Touchpoints - Driving Customer Engagement

Driving Better Results Through The Employee Experience

Silhouette of employees in front of white background raising hands in victory.
It’s 5:30pm as Gary shuts down his computer monitor and reaches to turn off his desk lamp. He’s feeling great about the progress he’s made over the last two months in getting acclimated to his new responsibilities. Keys in hand, he makes his way toward the lobby when he’s startled by a loud “thud”! Looking to his left he notices Angela sitting down after dropping two binders and a three inch stack of loose papers on her desk. Gary starts to ask her if everything is OK but, before the words come out of his mouth, Angela glances up with a look of frustration. He can tell that everything is definitely not OK.  

Angela was hired as a Customer Service Manager one week before Gary. “Ever since I started with this company,” she says, “ it’s been a major challenge trying to gather the information that I need. I do not understand what is so difficult about keeping our records organized so people can actually find what they’re looking for.” She sighs heavily realizing that it’s going to be another late night. “It just seems like it’s been one challenge after another. You must be coming along with your new role since you’re leaving on time.”, she says.  “Yeah, things are falling into place,” Gary says. “But I’m a bit late in leaving.” Angela glances at her watch and her expression changes to panic.  It’s later than she thought and she realizes she’ll never make it across town to pick-up her child on time.  

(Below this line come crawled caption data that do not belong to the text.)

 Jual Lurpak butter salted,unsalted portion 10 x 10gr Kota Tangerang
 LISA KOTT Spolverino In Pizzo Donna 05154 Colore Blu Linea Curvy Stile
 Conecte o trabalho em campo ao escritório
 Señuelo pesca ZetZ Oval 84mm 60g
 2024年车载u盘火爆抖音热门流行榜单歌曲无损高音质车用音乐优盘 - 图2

If you’ve ever been in either Gary’s or Angela’s shoes, you know the impact that a positive or negative employment experience can have on your outlook and the quality of your work. This is especially true when it comes to managing your customer’s experience. 

The Customer Experience / The Employment Experience
Most businesses want to create an incredible customer experience because that’s what leads to engagement, loyalty, repeat purchases and growth. The customer experience takes both the product and the delivery of that product into account. It’s what customers come to expect when interfacing with the brand. It’s their brand promise.   

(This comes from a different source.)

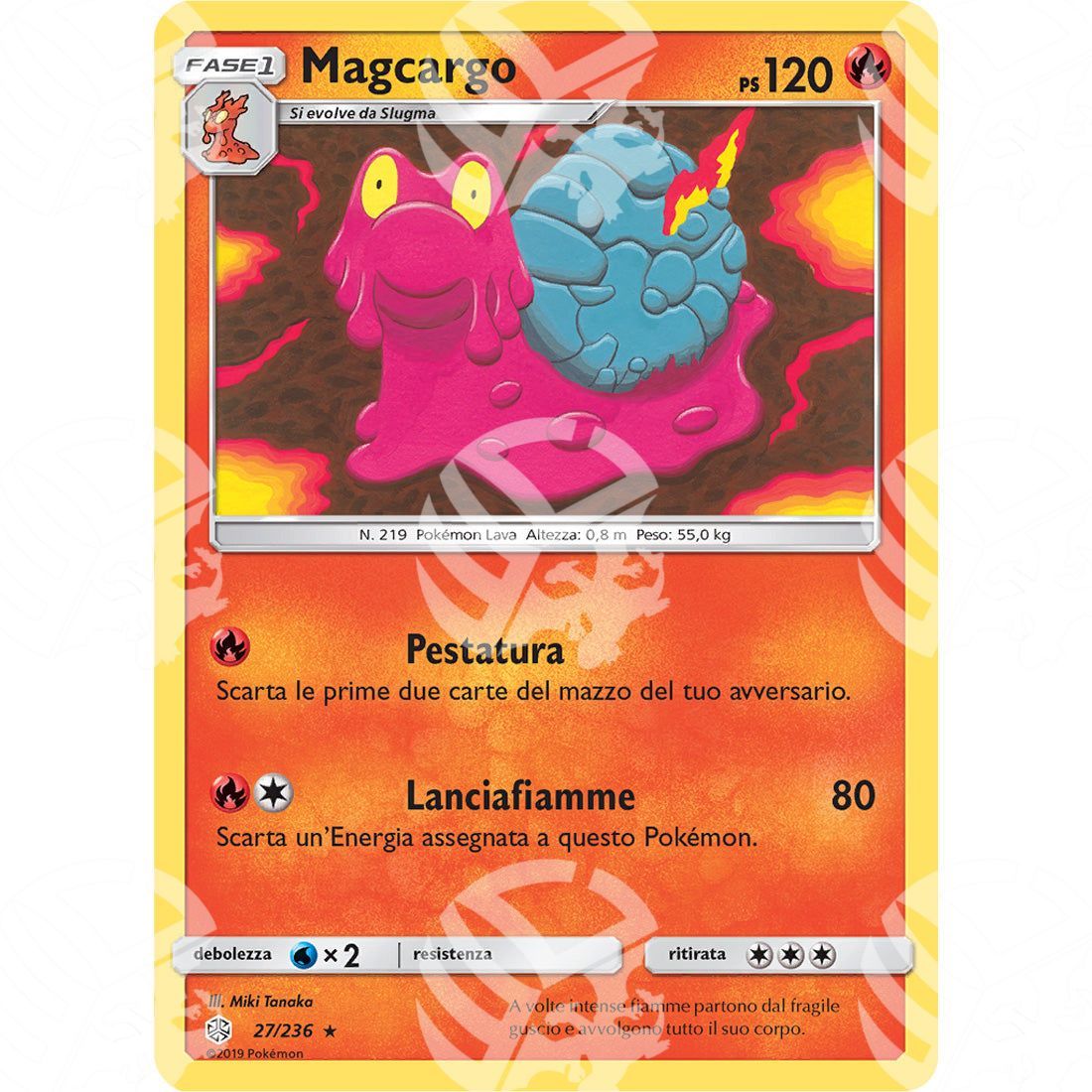 Eclissi Cosmica - Magcargo - 27/236 - Warcard - Eclissi Cosmica - Magcargo - 27/236 i prezzi più bassi sul mercato, solo da www.warcardshop.com! Carte singole, box, buste e mazzi.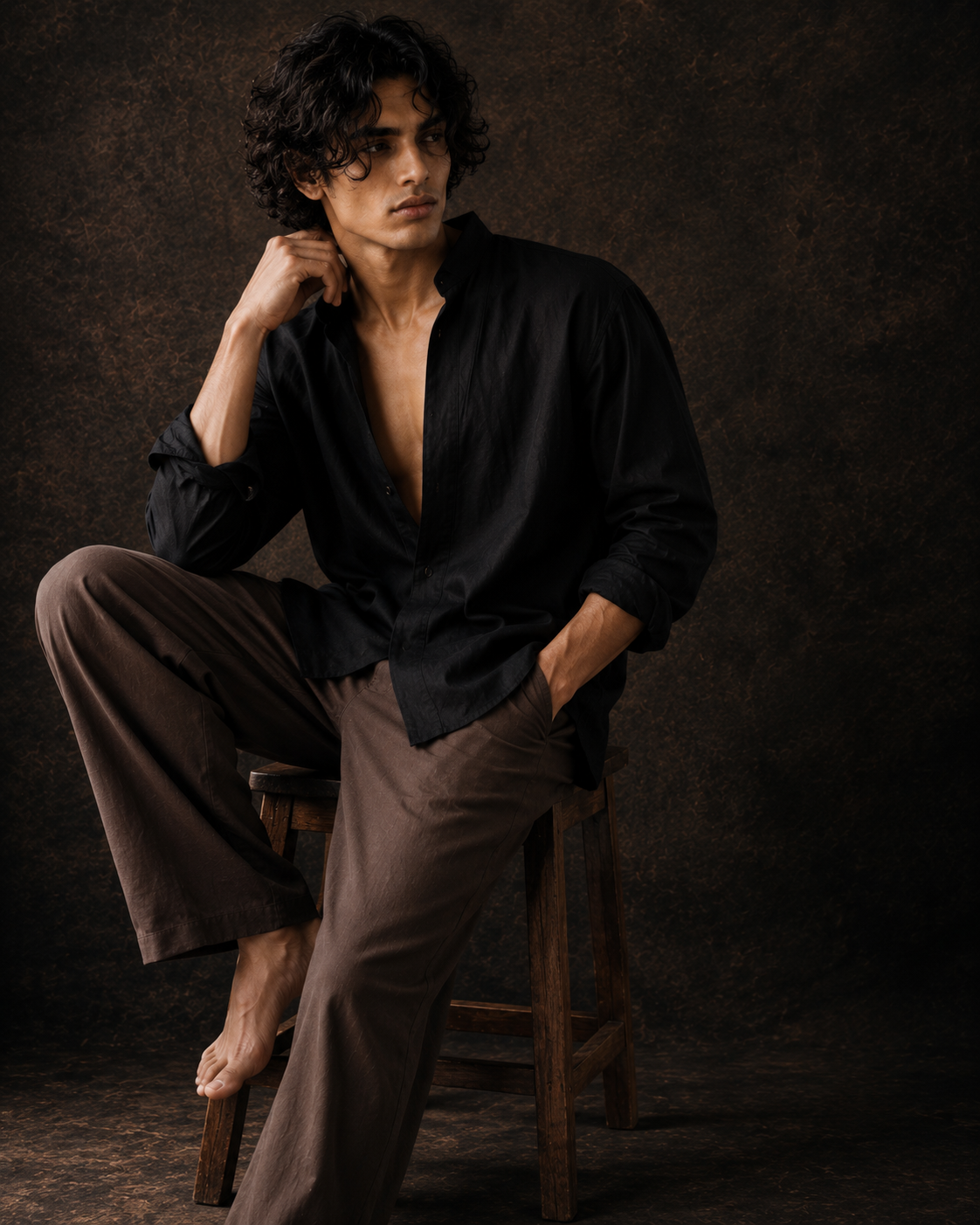 Aurelia Relax Black Shirt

Take Starbucks, Apple and Amazon for example. Strong brands like these are very careful to understand the needs or desires of their customer and then create the right product or system that will fill those needs. A customer pays for the product and trusts that it will function as expected. They also know what to expect when it comes to the purchasing experience.

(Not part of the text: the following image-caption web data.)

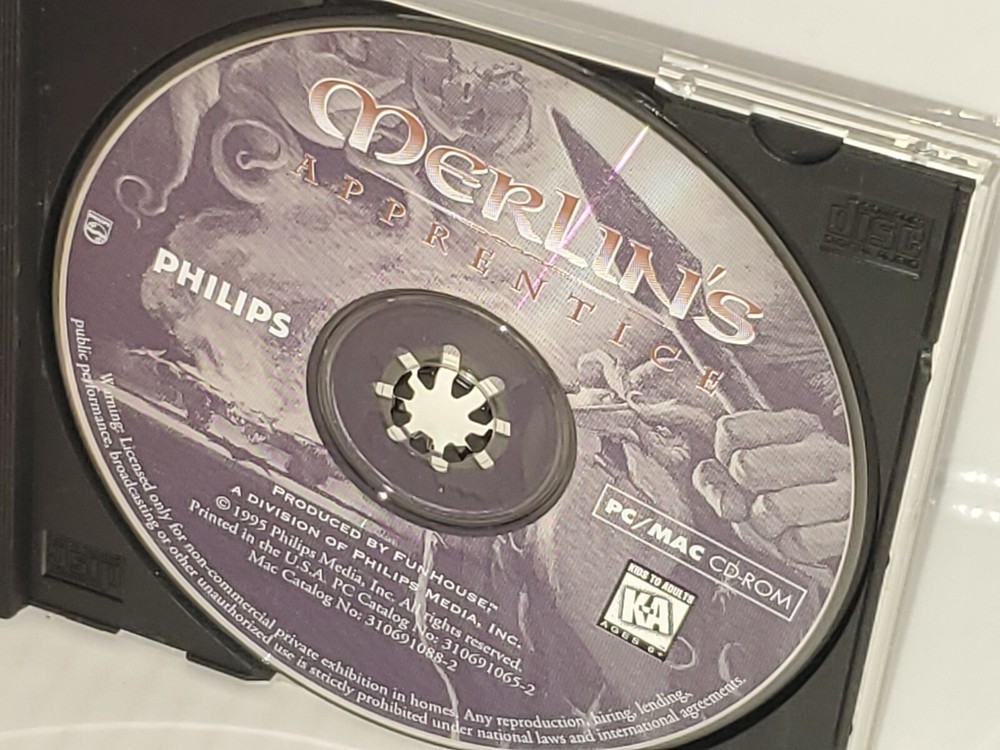 Vintage Merlin's Apprentice Philips CD-ROM Computer Game PC MAC 1995 Software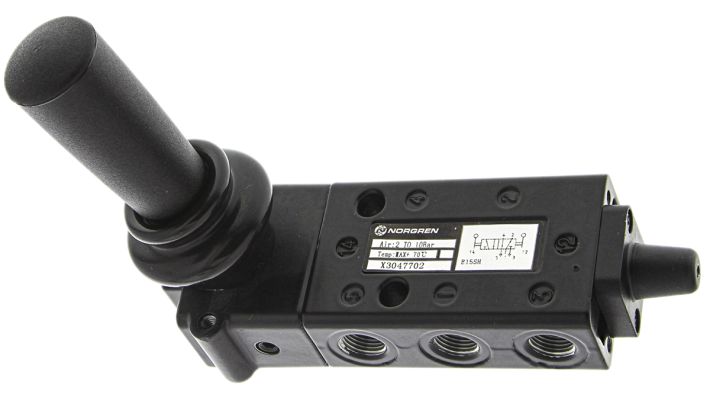 Norgren X3047702, Super X 5/2 manual valve, Black, Lever/Lever, 13N, G1/8 - pneumaticsystems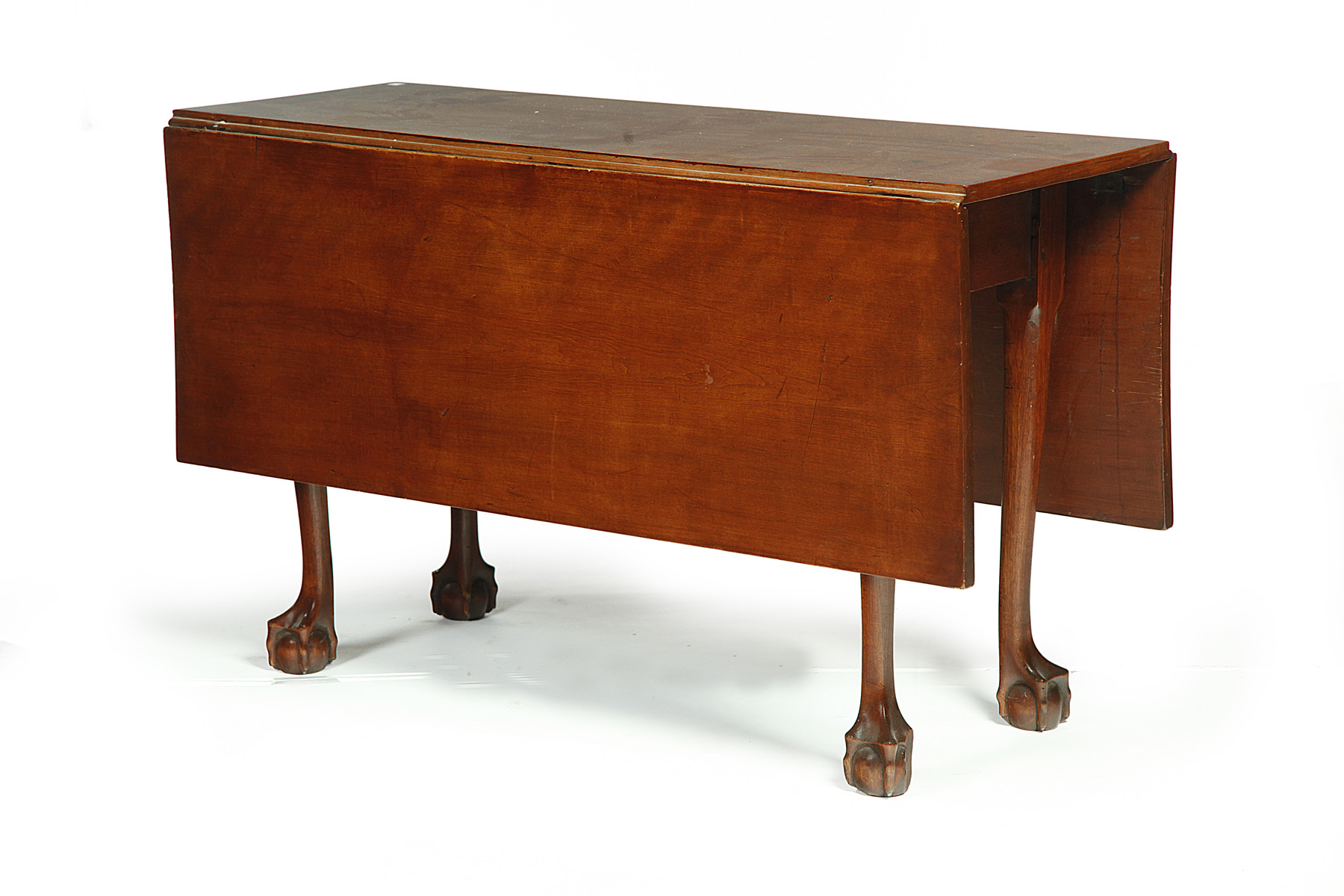 Appraisal: CHIPPENDALE DROP LEAF TABLE Possibly New York th century maple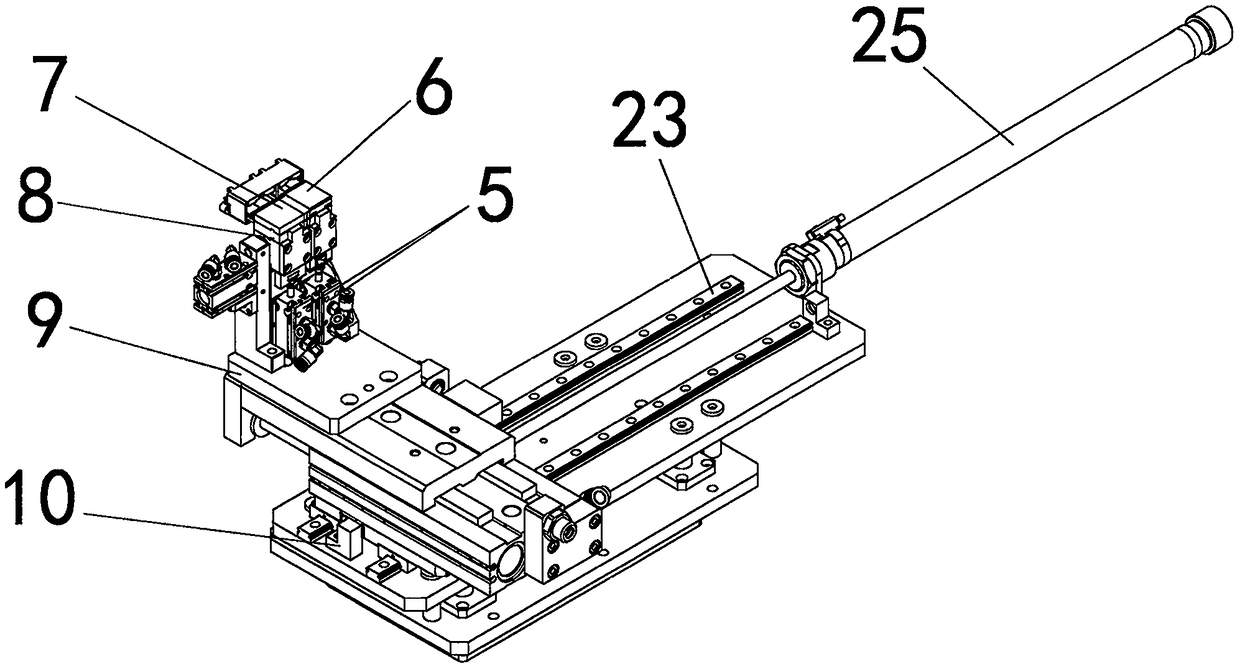 Pin plugging device for separating pins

These companies understand the importance of driving a perception of quality and value in their service delivery. It’s the delivery part of the transaction that keeps people coming back for more. It’s no different with your employee population.  

Beyond an Employee Value Proposition
An Employee Value Proposition (EVP) is the set of “products” that employees are purchasing with their knowledge, skills, experience, effort and time. Compensation, health benefits and affiliation are a few examples. Traditionally this has been the core offering of the company. It’s everything that an employee receives (the product) in exchange for their work (the purchase).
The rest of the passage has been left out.